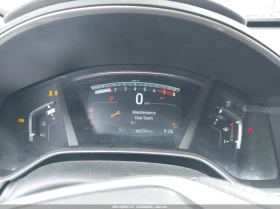 Honda Cr-v 1.5l Awd Ex, снимка 7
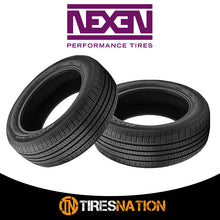 Nexen Npriz Ah5 215/65R17 99H Tire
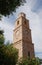 Clocktower, Halki island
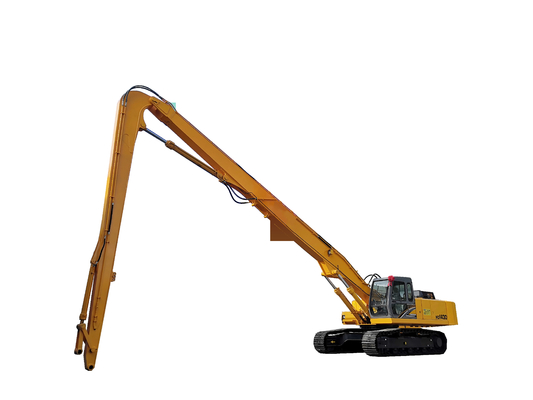 OEM QC Control 15M длина длинный бум для экскаватора 20-22Ton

Problem description. Quote exactly the lines from the line that contains "Nexen Npriz Ah5 215/65R17 99H Tire" through the last line of the listing, please, leaving out all pictures.

Problem solution.
 Nexen Npriz Ah5 215/65R17 99H Tire
 Clocktower, Halki island
 OEM QC Control 15M длина длинный бум для экскаватора 20-22Ton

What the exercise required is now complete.